For Bettina, the sense of ‘Ostalgie’ fuelled by the release of GDR reminiscent films is the closest that her generation will ever come to understanding the true ‘nostalgia for the East’.

“I experienced Ostalgie at the time of the ‘East Film’, when Goodbye Lenin! and similar films were released. Then even people who were too young to have experienced the GDR suddenly wore GDR clothes, bought GDR products, or wanted to watch GDR Films. I can’t remember earlier Ostalgie; my parents never glorified the GDR in that way.”

Glorification of the GDR is a matter of concern for many Germans who, as Markus states, realise that the GDR “was a dictatorial state, and not a paradise.” The future of Ostalgie, like any retrospective trend, seems to be limited. Robert views it as being irrelevant to his age group (“Ostalgie has no great meaning for my generation. Why would it?”), while Joachim believes it’s just a matter of time before Ostalgie itself is a thing of the past.

“As soon as the generation of eyewitnesses is gone, the concept of Ostalgie won’t exist anymore.”

‘Ostalgie’ is a sense of reminiscence, but an anniversary is also to do with comparing the past to the present. The outcome of ‘die Wende’ (‘the change’) was Germany’s political unification, but two decades on the question still lingers: are there notable differences between ‘East’ and ‘West’? The simple answer is yes – but any country with a population of over 82 million is never going to have a uniform culture.

As Markus points out, “Yes, there are definitely differences, but not just because of the Wall.
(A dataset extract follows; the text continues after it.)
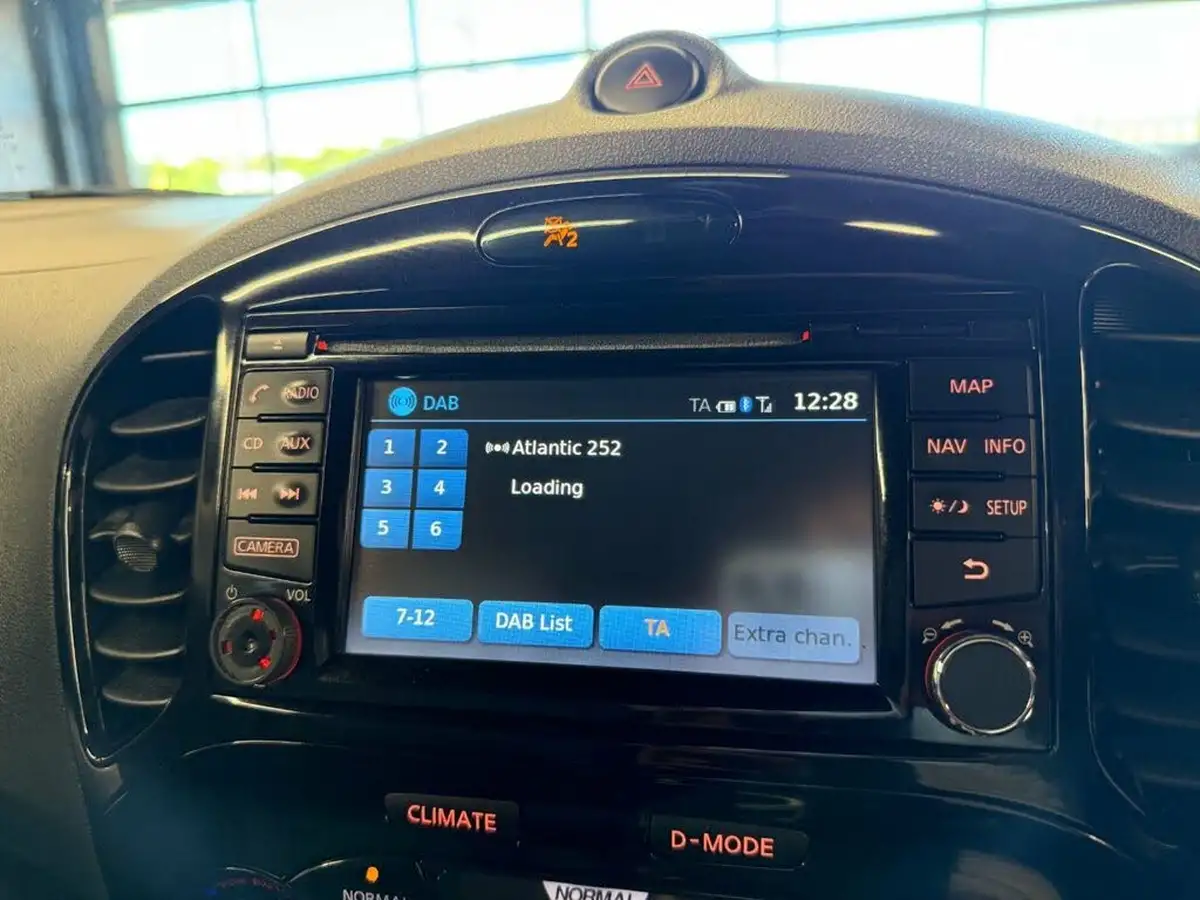 2017-nissan-juke-15dci-n-vision-black-big-36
Germany has a lot of regional cultural differences.” Joachim agrees that regional variety is important to bear in mind, but also thinks that the stark financial differences between the two regions must be taken into account.

“For most people in the West, especially in the south in areas such as Bavaria or Baden-Württemberg, that theme [of the difference between East and West] is no longer relevant and tends to get very little attention. However, that is also to do with the fact that the economic situation in the south is much better than the situation in the east.”
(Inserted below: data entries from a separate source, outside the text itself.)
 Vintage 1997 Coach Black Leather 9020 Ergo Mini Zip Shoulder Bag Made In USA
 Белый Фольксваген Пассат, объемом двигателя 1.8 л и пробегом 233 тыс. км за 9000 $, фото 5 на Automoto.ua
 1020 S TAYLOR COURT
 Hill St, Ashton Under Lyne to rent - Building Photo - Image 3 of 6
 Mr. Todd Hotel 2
The loaded nicknames ‘Ossie’ and ‘Wessie’, used to describe people from the ‘East’ (Ost) or ‘West’ (West), have a history of negative connotations, and are terms that any non-native German speaker would be wise to leave out of their vocabulary. Though old-fashioned, they are still sometimes used by both younger and older generations today, but there is a definite self-awareness of how they are used.

Joachim maintains that the terms “are no longer used in daily or polite conversation,” while Bettina occasionally uses them, “but only for fun.” Robert regards the ongoing use of ‘Ossie’ and ‘Wessie’ as a sign that total unification has yet to be achieved. “Yes, they are still used and unfortunately there are still prejudices in my generation. Unification isn’t everywhere, even twenty years after the Peaceful Revolution.”

9th November 2009 wll not be the final chapter in the commemoration of the fall of the Berlin Wall – this is a perennial occurrence that will continue every five and ten years into the foreseeable future. So since anniversaries contemplate the future as well as the present and the past, how do German students envision the 2019 anniversary?

Robert sees the potential for another light festival in Leipzig, while Bettina is concerned that commercialisation will have reached a new level, “because by then many of the emotions will have been forgotten.”

The fall of the Berlin Wall was a once-off event, but its story still has a future, soon to be retold by generations who have no personal recollection of life before 1989. Yet as that unique 9th November slips further into the past, there is no reason for its importance to fade – as Markus explains, the future will always depend on the commemoration of history.

“There can’t be a positive future without remembrance of the past. It should never be forgotten.”